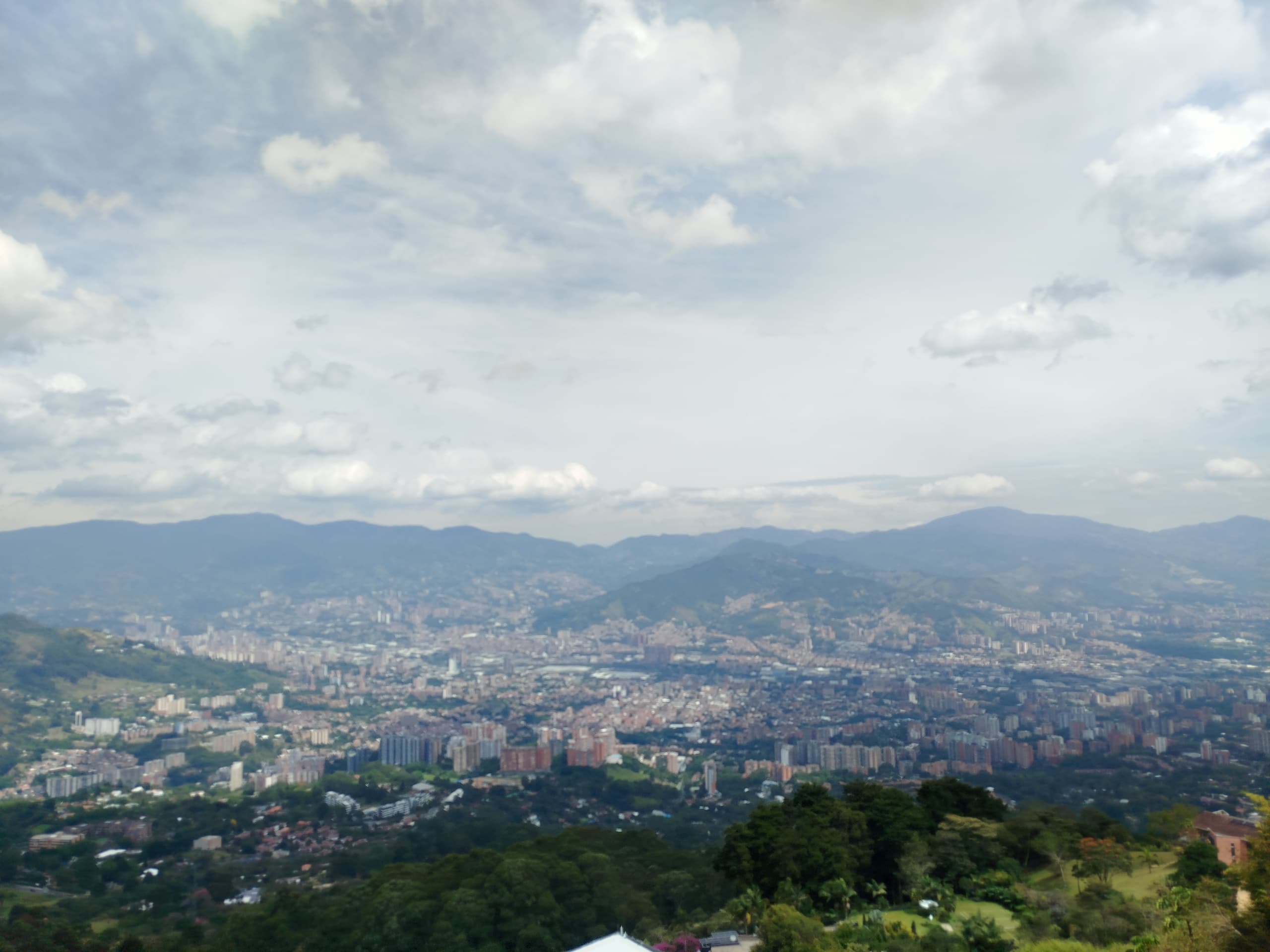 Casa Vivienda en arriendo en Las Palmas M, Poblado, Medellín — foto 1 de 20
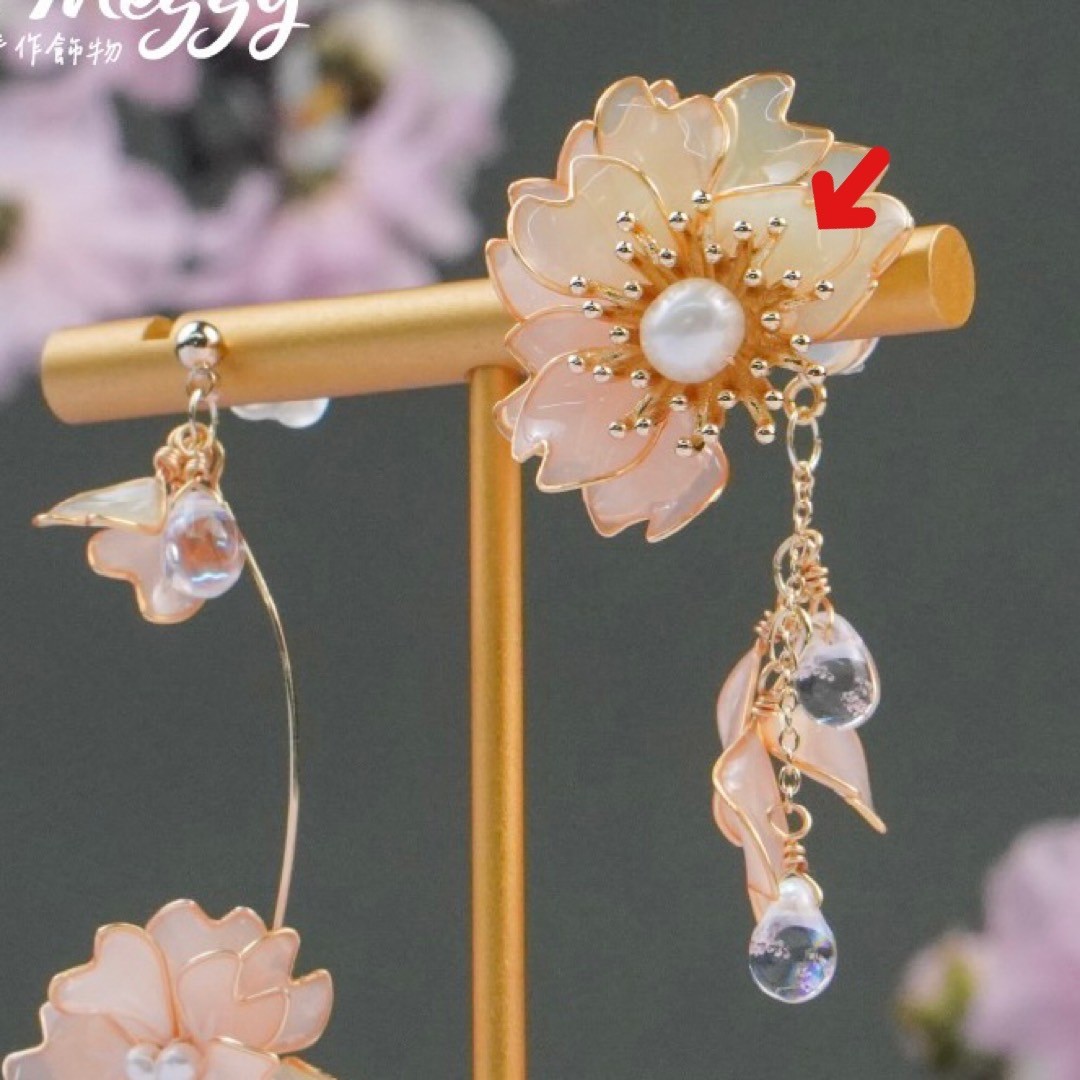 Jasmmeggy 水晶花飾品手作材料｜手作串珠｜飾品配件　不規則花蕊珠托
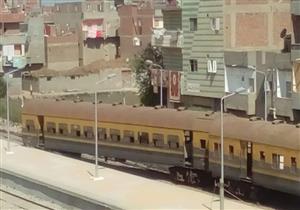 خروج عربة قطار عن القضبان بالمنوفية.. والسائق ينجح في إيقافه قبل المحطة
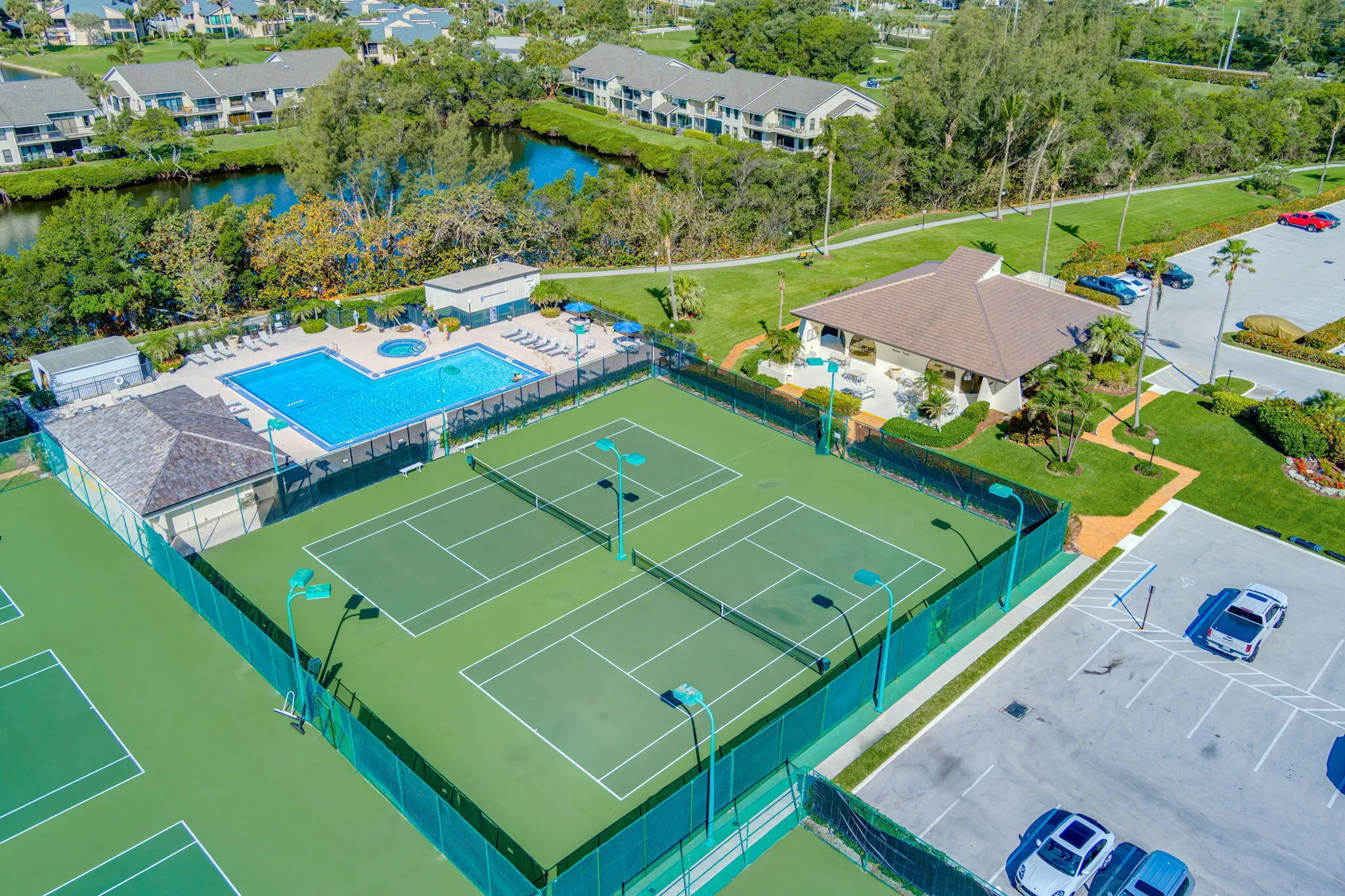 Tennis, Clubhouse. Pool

○ ○ ○

Exercise instructions
Return exactly the lines from the line with "Jasmmeggy 水晶花飾品手作材料｜手作串珠｜飾品配件　不規則花蕊珠托" through the last line of the data above, both included; pictures do not go in the answer.

Answer area
 Jasmmeggy 水晶花飾品手作材料｜手作串珠｜飾品配件　不規則花蕊珠托
 خروج عربة قطار عن القضبان بالمنوفية.. والسائق ينجح في إيقافه قبل المحطة
 Tennis, Clubhouse. Pool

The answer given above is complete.